L’Agence internationale de l’énergie renouvelable (IRENA) et le Réseau international sur le bambou et le rotin (INBAR) sont deux exemples d’organisations qui sont intervenues dans le processus de révision afin de promouvoir la visibilité tant de technologies écologiquement plus viables, comme les diodes émettrices de lumière (LED) pour l’éclairage, que de produits fabriqués à partir de matières plus durables que celles qu’elles remplacent, comme le bambou. Cette collaboration s’est poursuivie et a abouti à une version du SH 2022 incluant plusieurs nouvelles sous-positions pour ce type de produits.
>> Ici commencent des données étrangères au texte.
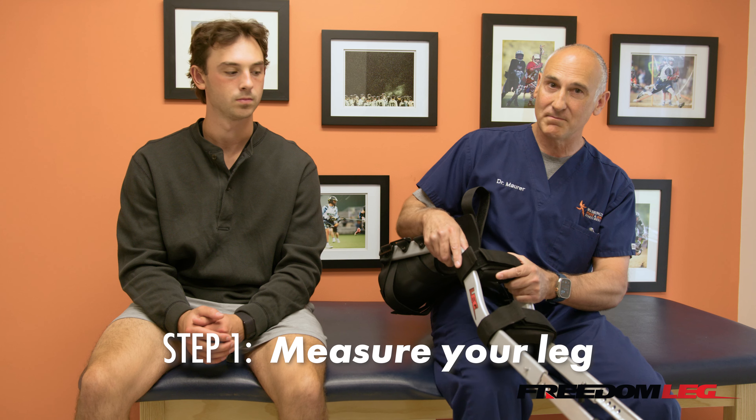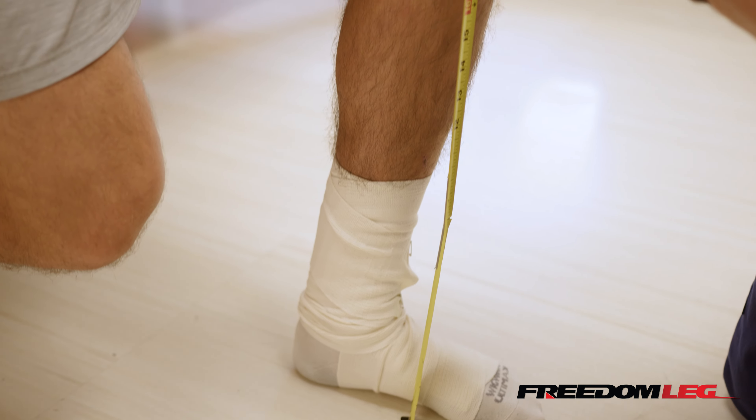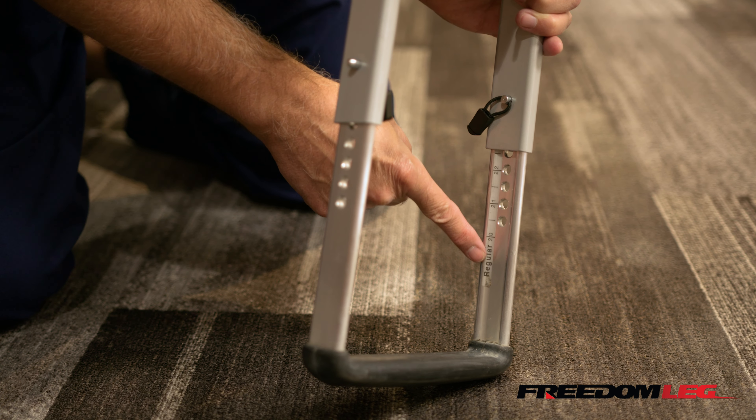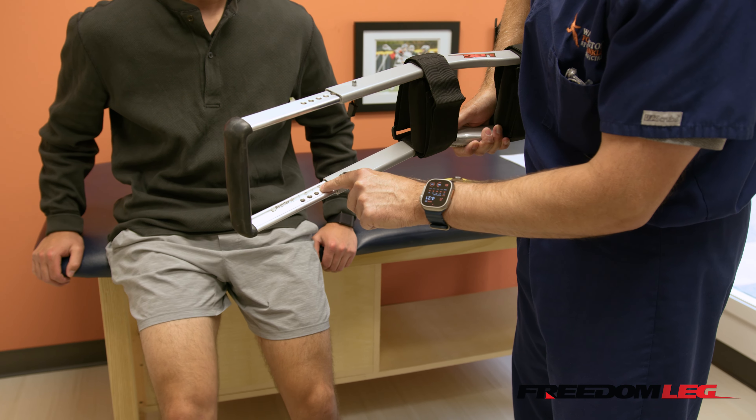First step is we're going to measure Bodhi's leg. We're going to measure from the ground to the top of his knee, and it measures 22 inches. On our freedom leg, there are little marks on the inside, and we're going to start putting it at 22 inches.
Pour un développement durable

Les politiques de commerce international établies pour assurer un développement qui soit durable définissent des objectifs dont le suivi exige d’avoir accès à des données commerciales détaillées et de bonne qualité. Afin de s’assurer que le SH réponde à ce besoin en données sur certaines marchandises, une coopération permanente a notamment été mise en place avec l’Organisation des Nations Unies pour l’alimentation et l’agriculture (FAO) dans le cadre de la mise à jour du SH. Il est par exemple nécessaire de surveiller les échanges commerciaux de certaines espèces face au risque d’épuisement des ressources naturelles ou de mitiger le risque que les échanges font peser à la sécurité alimentaire de certaines populations, et des amendements sont dès lors constamment proposés afin de mettre en lumière les volumes des échanges qui ont cours concernant des produits présentant des vulnérabilités ou qui sont importants pour certaines régions, par exemple certains produits alimentaires ou les essences de bois.

Nous n’avons présenté ici brièvement que quelques-uns des changements qui interviennent dans la version 2022 du SH. Le jeu complet des amendements couverts par la Recommandation pour le SH 2022 est disponible sur le site web de l’OMD et les amendements et les modifications peuvent y être consultés dans leur intégralité.

Et à l’avenir ?

Le rôle du SH dans la mise en place de contrôles dits environnementaux aux frontières, notamment ceux visant à appliquer des réglementations protégeant la santé et la sécurité humaine, est pris très au sérieux et l’OMD est fière du travail qu’elle abat dans ce domaine.

Si le SH 2022 constitue un véritable progrès en soi, les efforts se poursuivent et l’OMD a déjà entamé les négociations en vue de la version 2027. Les travaux pour un nouveau cycle de révision ont dès lors commencé au sein du Sous-Comité de révision du Système harmonisé. Ils couvrent notamment le classement de produits plus respectueux de l’environnement. Des propositions de classement de marchandises présentant un risque écologique sont aussi en cours de préparation dans d’autres agences intergouvernementales.

Il revient à présent aux administrations douanières d’examiner avec attention ce dont elles ont besoin au niveau du SH afin de pouvoir honorer plus facilement les engagements pris envers l’environnement. Ensemble, nous pouvons réduire la part d’inconnu concernant les flux commerciaux des marchandises posant un risque écologique et de celles qui sont respectueuses de l’environnement en leur donnant plus de visibilité.

En savoir +
hs@wcoomd.org

 

[1] L’OMD, dans ce cas, désigne les représentants des administrations des douanes qui se réunissent au Conseil, au Comité du Système harmonisé (CSH), au Sous-Comité de révision du Système harmonisé (SCR) et au Sous-Comité scientifique (SCS), ainsi que le personnel de la Direction des questions tarifaires et commerciales du Secrétariat de l’OMD.